In honor of National Poetry Month in April, American Libraries offers statistics about poetry, including the approximate acceptance rate to Poetry magazine (1%), the number of rare and first-edition volumes of modern and contemporary poetry in the Raymond Danowski Poetry Library at Emory University in Atlanta (75,000), the number of books released by the first National Youth Poet Laureate Amanda Gorman last year (3), and the number of years since the establishment of the Pulitzer Prize for Poetry (100).
American Libraries Trend, Mar./Apr.
ALA’s International Relations Committee is seeking nominations to section committees of the International Federation of Library Associations and Institutions (IFLA) for 2023–2027. To be nominated by an ALA unit aligned to an IFLA section, contact that ALA unit for information on its nomination process. Nominees should be an expert in the field covered by the section standing committee. Nominations are due October 30.
ALA International Relations Office
ALA members can register for this year’s IFLA Virtual World Library and Information Congress (July 26–29) in Dublin, Ireland, at the IFLA Member Rate of 560 Euros, which is more than 25% off the nonmember rate.

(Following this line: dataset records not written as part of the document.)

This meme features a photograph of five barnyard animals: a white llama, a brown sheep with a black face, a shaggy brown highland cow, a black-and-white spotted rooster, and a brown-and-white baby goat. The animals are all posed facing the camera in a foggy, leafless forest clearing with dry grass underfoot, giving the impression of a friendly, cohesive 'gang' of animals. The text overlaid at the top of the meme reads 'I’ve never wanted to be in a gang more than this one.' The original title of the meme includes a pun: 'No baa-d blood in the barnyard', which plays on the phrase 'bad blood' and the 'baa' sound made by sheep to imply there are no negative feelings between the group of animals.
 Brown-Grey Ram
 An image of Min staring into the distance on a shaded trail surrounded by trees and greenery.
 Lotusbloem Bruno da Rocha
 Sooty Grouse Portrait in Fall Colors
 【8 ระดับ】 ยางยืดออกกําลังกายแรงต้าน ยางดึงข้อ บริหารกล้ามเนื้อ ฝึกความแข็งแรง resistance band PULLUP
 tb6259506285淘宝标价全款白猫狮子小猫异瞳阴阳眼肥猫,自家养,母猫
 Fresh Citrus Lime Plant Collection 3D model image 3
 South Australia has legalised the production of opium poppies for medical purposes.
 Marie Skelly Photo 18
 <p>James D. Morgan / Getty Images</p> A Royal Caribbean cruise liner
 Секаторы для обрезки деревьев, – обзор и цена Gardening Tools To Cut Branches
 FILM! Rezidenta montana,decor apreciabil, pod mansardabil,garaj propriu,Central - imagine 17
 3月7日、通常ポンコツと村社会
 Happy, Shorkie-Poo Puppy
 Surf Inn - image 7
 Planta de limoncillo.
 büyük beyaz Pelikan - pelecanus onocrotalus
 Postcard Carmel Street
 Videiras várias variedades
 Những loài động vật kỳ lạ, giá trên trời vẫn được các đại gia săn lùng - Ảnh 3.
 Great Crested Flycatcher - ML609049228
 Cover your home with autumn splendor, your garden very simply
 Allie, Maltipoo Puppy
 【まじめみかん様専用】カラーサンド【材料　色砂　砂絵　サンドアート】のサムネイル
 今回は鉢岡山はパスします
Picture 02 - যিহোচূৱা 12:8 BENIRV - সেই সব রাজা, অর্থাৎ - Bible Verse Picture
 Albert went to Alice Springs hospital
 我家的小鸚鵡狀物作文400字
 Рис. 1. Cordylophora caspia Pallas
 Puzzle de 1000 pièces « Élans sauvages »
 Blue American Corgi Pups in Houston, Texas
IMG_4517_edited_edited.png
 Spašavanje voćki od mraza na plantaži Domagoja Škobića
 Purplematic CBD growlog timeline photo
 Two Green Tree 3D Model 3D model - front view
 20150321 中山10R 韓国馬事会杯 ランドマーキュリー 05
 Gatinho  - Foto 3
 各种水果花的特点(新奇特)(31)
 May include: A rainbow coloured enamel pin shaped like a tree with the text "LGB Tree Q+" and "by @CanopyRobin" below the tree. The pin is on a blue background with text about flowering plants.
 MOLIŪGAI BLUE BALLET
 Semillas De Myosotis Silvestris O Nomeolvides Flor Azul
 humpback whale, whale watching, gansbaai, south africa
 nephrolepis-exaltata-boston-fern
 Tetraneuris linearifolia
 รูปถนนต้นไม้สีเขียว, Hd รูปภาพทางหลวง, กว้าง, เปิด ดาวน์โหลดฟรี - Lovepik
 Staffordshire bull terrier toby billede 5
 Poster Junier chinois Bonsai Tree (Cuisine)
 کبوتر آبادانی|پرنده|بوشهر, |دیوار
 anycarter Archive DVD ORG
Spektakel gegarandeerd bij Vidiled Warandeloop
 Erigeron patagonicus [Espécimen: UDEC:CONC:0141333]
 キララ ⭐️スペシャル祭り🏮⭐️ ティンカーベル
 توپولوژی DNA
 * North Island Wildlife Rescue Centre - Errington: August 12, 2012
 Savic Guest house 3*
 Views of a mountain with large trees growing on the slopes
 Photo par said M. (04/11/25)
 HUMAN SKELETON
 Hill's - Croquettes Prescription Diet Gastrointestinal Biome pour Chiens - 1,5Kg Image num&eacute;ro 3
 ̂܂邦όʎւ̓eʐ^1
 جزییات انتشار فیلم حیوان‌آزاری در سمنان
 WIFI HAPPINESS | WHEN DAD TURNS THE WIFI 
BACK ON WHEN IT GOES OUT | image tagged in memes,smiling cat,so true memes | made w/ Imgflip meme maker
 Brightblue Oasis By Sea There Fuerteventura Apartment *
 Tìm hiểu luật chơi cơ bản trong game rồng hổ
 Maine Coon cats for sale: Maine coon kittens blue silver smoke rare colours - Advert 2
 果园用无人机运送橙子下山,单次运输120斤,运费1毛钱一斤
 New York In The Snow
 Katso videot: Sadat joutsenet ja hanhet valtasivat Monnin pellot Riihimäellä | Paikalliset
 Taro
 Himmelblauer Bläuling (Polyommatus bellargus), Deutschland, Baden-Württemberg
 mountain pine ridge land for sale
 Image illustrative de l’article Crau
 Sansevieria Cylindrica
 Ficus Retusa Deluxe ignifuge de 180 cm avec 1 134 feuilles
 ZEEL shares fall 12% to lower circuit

Register as a member of IFLA using the ALA IFLA member code US-0002 by April 5 to receive the early discounted rate.
International Federation of Library Associations and Institutions
Jason Fitzpatrick writes: “The humble GIF file has been with us for a long time. Sadly, the creator of the GIF, computer scientist Steve Wilhite, passed away in March 2022. In honor of him and his contribution, we hope you enjoy these facts and think about him the next time you fire off an animated GIF in a group chat.” The first GIF, created in 1987, was likely an image of an airplane, and undoubtedly a still image. (The format didn’t support animation until a 1989 update.) And despite standing for Graphics Interchange Format, it’s pronounced “Jif”—at least according to Wilhite.
How-To Geek, Mar. 24
Bill Oliver writes: “Texas A&M’s faculty senate passed a resolution at their March meeting, with 96 percent support, in opposition to the president’s decision telling 82 librarians who are faculty members to either become a staff employee or take a teaching assignment in another department. Before the resolution was discussed, faculty senate speaker Dale Rice said he visited with president Katherine Banks last week, “and I told her that I thought what was happening to the libraries was generating more widespread concern on campus than any other single other proposal out of [a consultant’s review.]”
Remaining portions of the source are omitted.